Elena Perlino, Cairo
Elena Perlino, Il Cairo

Francesca Esposito: In uno dei suoi più recenti lavori, ha ritratto la città del Cairo, la sua gente e, per l’appunto, il suo odore. Come è nato il progetto?

Elena Perlino: Il lavoro è cominciato all’inizio del 2011 dopo diversi rinvii, proprio nel momento in cui è iniziato quello che avrebbe portato 18 giorni dopo, il 25 gennaio, a destabilizzare il Paese e, quindi, alla caduta del presidente Mubarak. In quel momento eravamo in due e stavamo facendo un lavoro sui Paesi del Mediterraneo

FE: Cos’hanno visto i suoi occhi al Cairo?

EP: Ci sono foto in cui si possono vedere sullo sfondo i palazzi del Ministero che sono stati attaccati e incendiati, mentre in primo piano ci sono ragazze che danzano su imbarcazioni che vengono affittate a gruppi di gente che fanno il giro sul Nilo sorseggiando the. Insomma, scene di vita quotidiana, più o meno di tipo normale.

FE: Cosa avvertiva nell’aria?

EP: C’era un’atmosfera di attesa, quasi sospesa e alla fine del mese, prima della manifestazione di piazza Tahrir, si vedevano poliziotti giovanissimi in tenuta antisommossa con le camionette, tanti posti di blocco e metal detector ovunque per entrare e uscire dagli hotel. Nel momento in cui è scoppiato tutto sono ripartita e sono ritornata a ottobre.

Elena Perlino, Cairo
Elena Perlino, Il Cairo

FE: Cosa è cambiato da un momento all’altro?

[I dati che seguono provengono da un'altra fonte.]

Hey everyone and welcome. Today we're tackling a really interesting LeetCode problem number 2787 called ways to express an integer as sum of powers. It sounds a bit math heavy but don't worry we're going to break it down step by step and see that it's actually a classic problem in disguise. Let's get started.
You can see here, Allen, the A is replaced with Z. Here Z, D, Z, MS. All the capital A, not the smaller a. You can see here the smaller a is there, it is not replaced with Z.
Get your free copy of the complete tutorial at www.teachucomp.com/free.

EP: Da un passaggio all’altro, si avvertiva più tensione, la gente era più diffidente nel farsi fotografare. Non sono una conflict photographer, per cui non ho fatto cose diverse da quelle che faccio di solito. Ho cercato di raccontare la metropoli nella sua quotidianità, dal centro storico islamico, a Bourse Neighborhood (progettata da architetti italiani e francesi del Cairo), dalla zona residenziale di Zamalek, al bazar di Khan el Khalili. Da Garden City a Heliopolis, da Downtown a Garbage City, fino alla surreale Città dei Morti.

FE: Cos’ha, il Cairo, rispetto ad altre città, quale il suo quid?

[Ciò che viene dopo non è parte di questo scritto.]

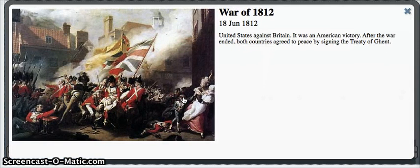In 1812, there was another war where the United States was fighting Britain. The war lasted for about three years.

EP: C’è un senso di decadenza. Nel quartiere dove si trovano le ambasciate o i vari musei, zone che leggi sui libri, ti danno un senso della storia che è passata. C’è della sabbia nell'aria e sembra di essere in una città fantasma, la Città dei Morti è un posto incredibile perché è una città di gente viva nella zona destinata ai cimiteri. Nella Garbage City ogni angolo del quartiere è dedicato a una raccolta differenziata diversa. C’è plastica, materiale riciclabile, mentre l’odore del compost si trova ovunque. Ma ci sono anche tante contraddizioni: università bellissime, linee metropolitane perfettamente funzionanti, divise, volendo anche in base ai sessi. Ma poi c’è anche il traffico.

Elena Perlino, Cairo
Elena Perlino, Il Cairo

FE: L’architettura nella sua forma cerca di contenere un contenuto particolarmente caotico, ovvero l’essere umano. Cosa l’ha attratta dal punto di vista architettonico?

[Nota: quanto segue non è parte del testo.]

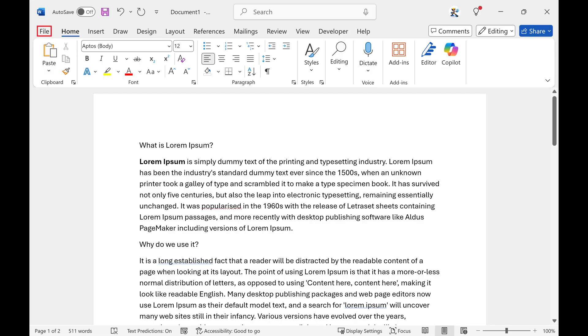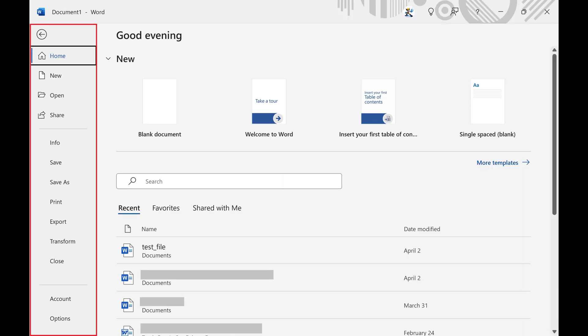Step 1. Click File in the list of options across the top of your Microsoft Word screen to open a menu.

EP: Ci sono grandi contrasti. Dove si trovano i grandi hotel del turismo vedi una metropoli contemporanea ma, appena esci, nelle zone dei sobborghi, puoi avere delle case con la terra al posto del pavimento. Può anche capitarti di vedere le galline in un angolo. La bellezza della metropoli è anche questa, degli elementi ultramoderni affiancati ad altri che appartengono a un altro tempo. Appena usciti dalle zone residenziali ci sono quartieri dove c’è una fetta della popolazione che vive con un dollaro al giorno.

FE: Tante mostre per il mondo, quali sono i progetti più significativi?

EP: L’attività più recente e significativa è il progetto sulla tratta nigeriana in Italia, che è stato selezionato dalla Magnum Emergency Fund. Verrà pubblicato un libro fra due o tre mesi, anche grazie alla piattaforma di crowdfunding Kickstarter e alla Open Society Foundation.

Elena Perlino, Cairo
Elena Perlino, Il Cairo

FE: Ha studiato Lettere Moderne a Torino, con l’indirizzo in storia e critica del cinema. Quanto il cinema ha influito sul suo lavoro?

EP: Sicuramente ha influito, così quanto il lavoro di alcuni fotografi che ho seguito nel corso degli anni. Michael Akerman, Jim Goldberg, Dolores Marat, Alec Soth, Antoine D’Agata.

FE: A proposito degli scatti di Antoine D’Agata: sono stati esposti nel 2013 allo Spazio Forma di Milano che, lo scorso ottobre, ha annunciato un cambio di sede e di programma per mancanza di fondi. Il suo spostamento in Francia si aggiunge la lista dei cervelli – e occhi – in fuga?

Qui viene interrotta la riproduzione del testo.